Mentioned in this article is "The Third Culture" by John Brockman of Edge.org. That book is worth a read, even nearing 20 years in publication. It introduces the ideas of several fascinating scientists (among them Dan Dennett and Lynn Margulis) whose work manages to transcend the stated "two cultures," bringing science to bear on what were traditionally seen as "humanist" problems and vice-versa. These are thinkers who've taken responsibility for bringing their ideas directly to the public, rather than waiting for writers, journalists and, ahem, "insight pornographers" (if you follow HN) to do it for them. I first read it after obtaining my English degree, and it felt like I'd been shot with a sudden antidote to a haze of intellectual nonsense. I wonder how well it contrasts against the current trend in glossy pop science, which I suspect may be the flip-side of the same coin.

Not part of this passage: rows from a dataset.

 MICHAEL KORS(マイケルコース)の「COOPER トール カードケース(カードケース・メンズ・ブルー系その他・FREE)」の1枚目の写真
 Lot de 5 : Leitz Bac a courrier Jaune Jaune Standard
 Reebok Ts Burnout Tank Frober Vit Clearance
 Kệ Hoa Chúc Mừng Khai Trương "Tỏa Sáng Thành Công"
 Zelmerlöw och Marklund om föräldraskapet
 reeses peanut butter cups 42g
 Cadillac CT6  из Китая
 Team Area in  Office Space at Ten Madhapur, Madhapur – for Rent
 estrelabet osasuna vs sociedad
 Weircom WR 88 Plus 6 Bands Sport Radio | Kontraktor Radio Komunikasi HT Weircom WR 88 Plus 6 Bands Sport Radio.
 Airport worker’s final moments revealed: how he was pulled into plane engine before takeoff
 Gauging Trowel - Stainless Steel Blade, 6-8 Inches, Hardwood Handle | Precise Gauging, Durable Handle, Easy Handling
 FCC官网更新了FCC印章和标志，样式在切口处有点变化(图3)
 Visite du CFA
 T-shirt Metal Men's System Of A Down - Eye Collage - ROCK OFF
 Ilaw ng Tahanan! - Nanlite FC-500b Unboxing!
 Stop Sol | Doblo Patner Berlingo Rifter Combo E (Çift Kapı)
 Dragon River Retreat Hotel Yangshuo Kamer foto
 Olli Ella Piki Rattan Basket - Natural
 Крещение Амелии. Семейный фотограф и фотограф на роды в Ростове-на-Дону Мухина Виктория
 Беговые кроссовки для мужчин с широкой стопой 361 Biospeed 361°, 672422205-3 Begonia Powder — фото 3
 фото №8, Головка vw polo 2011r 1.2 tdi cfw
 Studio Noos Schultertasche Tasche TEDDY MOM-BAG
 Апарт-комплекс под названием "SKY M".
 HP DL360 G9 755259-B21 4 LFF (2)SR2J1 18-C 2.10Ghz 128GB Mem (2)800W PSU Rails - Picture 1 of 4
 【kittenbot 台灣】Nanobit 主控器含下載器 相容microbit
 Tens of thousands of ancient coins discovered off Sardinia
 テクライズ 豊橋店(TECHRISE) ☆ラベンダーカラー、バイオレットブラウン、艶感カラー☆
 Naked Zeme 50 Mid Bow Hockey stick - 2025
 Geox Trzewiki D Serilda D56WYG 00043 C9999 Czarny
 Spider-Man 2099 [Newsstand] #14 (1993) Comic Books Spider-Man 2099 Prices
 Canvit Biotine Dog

The idea of a (re-)integration of the two sides of Snow's dichotomy (alongside a critique of the concept of "The Two Cultures") can be found in Herbert Marcuse's essays[1]. There, Marcuse talks about the sciences' funding by the military-industrial complex and the position of the humanities as a potentially regulating (e.g. ethical) moderator to curb an overbroad influence on the sciences by forces outside the disciplines (or system).
[1]: Herbert Marcuse: Bemerkungen zu einer Neubestimmung der Kultur (Remarks on a Redefinition of Culture), in: Daedalus. Journal of the American Academy of Arts and Sciences, Winter 1965.